BEGIN DATA FOR THIS EXERCISE
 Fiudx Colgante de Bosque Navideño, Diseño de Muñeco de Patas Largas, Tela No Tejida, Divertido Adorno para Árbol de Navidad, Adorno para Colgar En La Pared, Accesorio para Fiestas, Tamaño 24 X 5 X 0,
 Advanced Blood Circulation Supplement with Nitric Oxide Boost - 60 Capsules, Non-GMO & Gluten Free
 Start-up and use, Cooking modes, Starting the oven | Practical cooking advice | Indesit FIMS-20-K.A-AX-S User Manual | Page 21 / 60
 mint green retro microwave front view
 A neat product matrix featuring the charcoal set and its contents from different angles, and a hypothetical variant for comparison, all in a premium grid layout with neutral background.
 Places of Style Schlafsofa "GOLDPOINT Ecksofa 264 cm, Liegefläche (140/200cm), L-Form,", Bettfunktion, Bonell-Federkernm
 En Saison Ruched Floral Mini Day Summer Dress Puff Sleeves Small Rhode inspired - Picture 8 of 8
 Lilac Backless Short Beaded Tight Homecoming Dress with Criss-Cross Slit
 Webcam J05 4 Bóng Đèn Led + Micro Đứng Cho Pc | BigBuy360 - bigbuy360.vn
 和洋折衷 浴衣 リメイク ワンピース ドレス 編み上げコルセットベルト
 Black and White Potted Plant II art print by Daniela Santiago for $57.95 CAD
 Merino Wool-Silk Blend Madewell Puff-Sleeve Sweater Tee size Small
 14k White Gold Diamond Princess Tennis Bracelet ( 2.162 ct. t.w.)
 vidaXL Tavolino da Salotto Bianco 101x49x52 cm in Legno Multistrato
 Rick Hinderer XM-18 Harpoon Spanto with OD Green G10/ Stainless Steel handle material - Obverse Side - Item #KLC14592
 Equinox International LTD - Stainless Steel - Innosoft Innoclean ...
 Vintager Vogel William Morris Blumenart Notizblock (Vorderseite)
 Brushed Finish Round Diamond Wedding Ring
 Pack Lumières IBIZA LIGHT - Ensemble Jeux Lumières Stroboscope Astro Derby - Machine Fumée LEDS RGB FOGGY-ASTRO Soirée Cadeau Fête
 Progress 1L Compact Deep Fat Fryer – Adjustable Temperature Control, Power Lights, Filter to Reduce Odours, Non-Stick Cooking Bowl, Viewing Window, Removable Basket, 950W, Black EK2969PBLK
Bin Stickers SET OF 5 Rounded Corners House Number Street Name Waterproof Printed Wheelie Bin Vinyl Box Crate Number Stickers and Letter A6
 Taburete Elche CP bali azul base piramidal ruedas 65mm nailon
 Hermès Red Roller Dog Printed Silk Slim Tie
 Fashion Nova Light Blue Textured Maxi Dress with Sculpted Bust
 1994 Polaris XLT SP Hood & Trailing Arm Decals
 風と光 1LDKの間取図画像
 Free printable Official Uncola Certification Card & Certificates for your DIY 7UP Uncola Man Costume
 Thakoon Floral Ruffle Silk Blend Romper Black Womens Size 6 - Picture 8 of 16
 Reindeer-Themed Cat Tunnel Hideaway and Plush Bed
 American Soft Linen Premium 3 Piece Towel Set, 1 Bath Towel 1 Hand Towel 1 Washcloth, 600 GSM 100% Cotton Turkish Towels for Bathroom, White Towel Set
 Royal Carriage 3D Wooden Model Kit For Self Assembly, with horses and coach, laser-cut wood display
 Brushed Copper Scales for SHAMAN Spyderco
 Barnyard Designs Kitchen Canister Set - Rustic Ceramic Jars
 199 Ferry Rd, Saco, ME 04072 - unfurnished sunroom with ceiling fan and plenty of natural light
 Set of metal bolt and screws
END DATA FOR THIS EXERCISE
• [TASK DIRECTIONS] Starting at the first line of the data above, please restate word for word every line up to and including the one that holds "Merino Wool-Silk Blend", and add nothing else.

• [COMPLETED TASK]
 Fiudx Colgante de Bosque Navideño, Diseño de Muñeco de Patas Largas, Tela No Tejida, Divertido Adorno para Árbol de Navidad, Adorno para Colgar En La Pared, Accesorio para Fiestas, Tamaño 24 X 5 X 0,
 Advanced Blood Circulation Supplement with Nitric Oxide Boost - 60 Capsules, Non-GMO & Gluten Free
 Start-up and use, Cooking modes, Starting the oven | Practical cooking advice | Indesit FIMS-20-K.A-AX-S User Manual | Page 21 / 60
 mint green retro microwave front view
 A neat product matrix featuring the charcoal set and its contents from different angles, and a hypothetical variant for comparison, all in a premium grid layout with neutral background.
 Places of Style Schlafsofa "GOLDPOINT Ecksofa 264 cm, Liegefläche (140/200cm), L-Form,", Bettfunktion, Bonell-Federkernm
 En Saison Ruched Floral Mini Day Summer Dress Puff Sleeves Small Rhode inspired - Picture 8 of 8
 Lilac Backless Short Beaded Tight Homecoming Dress with Criss-Cross Slit
 Webcam J05 4 Bóng Đèn Led + Micro Đứng Cho Pc | BigBuy360 - bigbuy360.vn
 和洋折衷 浴衣 リメイク ワンピース ドレス 編み上げコルセットベルト
 Black and White Potted Plant II art print by Daniela Santiago for $57.95 CAD
 Merino Wool-Silk Blend Madewell Puff-Sleeve Sweater Tee size Small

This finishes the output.